Crawled caption data

•••••

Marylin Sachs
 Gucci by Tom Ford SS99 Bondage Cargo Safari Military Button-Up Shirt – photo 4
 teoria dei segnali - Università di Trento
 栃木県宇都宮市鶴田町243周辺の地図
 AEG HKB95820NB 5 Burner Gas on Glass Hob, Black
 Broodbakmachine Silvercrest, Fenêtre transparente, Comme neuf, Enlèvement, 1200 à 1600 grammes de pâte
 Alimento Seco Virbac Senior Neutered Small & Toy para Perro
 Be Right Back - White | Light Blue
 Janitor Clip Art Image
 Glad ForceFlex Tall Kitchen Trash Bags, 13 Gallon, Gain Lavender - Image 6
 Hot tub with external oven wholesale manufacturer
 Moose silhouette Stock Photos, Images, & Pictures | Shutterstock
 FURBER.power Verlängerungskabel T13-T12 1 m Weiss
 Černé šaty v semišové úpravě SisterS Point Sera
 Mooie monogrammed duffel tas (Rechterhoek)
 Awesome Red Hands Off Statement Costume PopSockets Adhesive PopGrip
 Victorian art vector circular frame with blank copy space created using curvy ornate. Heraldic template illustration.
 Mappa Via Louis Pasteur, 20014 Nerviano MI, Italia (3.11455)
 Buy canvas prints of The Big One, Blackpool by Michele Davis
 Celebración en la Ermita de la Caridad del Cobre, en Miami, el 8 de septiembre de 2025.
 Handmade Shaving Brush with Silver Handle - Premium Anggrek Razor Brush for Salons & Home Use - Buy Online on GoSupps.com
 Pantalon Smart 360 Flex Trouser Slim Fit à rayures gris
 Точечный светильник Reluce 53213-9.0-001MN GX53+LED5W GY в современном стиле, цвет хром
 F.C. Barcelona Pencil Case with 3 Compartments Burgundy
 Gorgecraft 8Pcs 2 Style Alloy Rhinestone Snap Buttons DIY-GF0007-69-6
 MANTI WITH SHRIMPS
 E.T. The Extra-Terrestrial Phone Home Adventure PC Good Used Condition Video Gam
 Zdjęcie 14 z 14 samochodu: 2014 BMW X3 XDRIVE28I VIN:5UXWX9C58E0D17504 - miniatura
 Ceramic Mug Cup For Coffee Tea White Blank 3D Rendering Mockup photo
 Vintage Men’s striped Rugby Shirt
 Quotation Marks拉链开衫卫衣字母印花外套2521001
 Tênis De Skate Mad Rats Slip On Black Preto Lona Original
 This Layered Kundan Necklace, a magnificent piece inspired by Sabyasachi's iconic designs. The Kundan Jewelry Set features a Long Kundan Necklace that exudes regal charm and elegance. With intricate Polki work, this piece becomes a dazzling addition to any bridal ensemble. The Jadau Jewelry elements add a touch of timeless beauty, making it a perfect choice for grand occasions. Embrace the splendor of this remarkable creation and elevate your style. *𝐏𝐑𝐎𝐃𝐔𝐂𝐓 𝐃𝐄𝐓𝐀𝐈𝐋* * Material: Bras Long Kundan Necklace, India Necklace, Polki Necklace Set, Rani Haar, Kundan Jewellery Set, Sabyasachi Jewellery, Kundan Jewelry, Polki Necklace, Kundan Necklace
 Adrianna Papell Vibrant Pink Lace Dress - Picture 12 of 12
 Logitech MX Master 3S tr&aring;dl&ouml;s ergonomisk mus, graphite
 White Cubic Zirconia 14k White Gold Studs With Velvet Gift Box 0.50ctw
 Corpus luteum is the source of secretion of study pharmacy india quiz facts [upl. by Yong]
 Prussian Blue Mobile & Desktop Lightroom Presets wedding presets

•••••

▶ [Exercise instructions] Nothing beyond the line that contains "Hot tub with" belongs in the answer; reproduce the entries exactly from their first line through it.

▶ [Task result]
Marylin Sachs
 Gucci by Tom Ford SS99 Bondage Cargo Safari Military Button-Up Shirt – photo 4
 teoria dei segnali - Università di Trento
 栃木県宇都宮市鶴田町243周辺の地図
 AEG HKB95820NB 5 Burner Gas on Glass Hob, Black
 Broodbakmachine Silvercrest, Fenêtre transparente, Comme neuf, Enlèvement, 1200 à 1600 grammes de pâte
 Alimento Seco Virbac Senior Neutered Small & Toy para Perro
 Be Right Back - White | Light Blue
 Janitor Clip Art Image
 Glad ForceFlex Tall Kitchen Trash Bags, 13 Gallon, Gain Lavender - Image 6
 Hot tub with external oven wholesale manufacturer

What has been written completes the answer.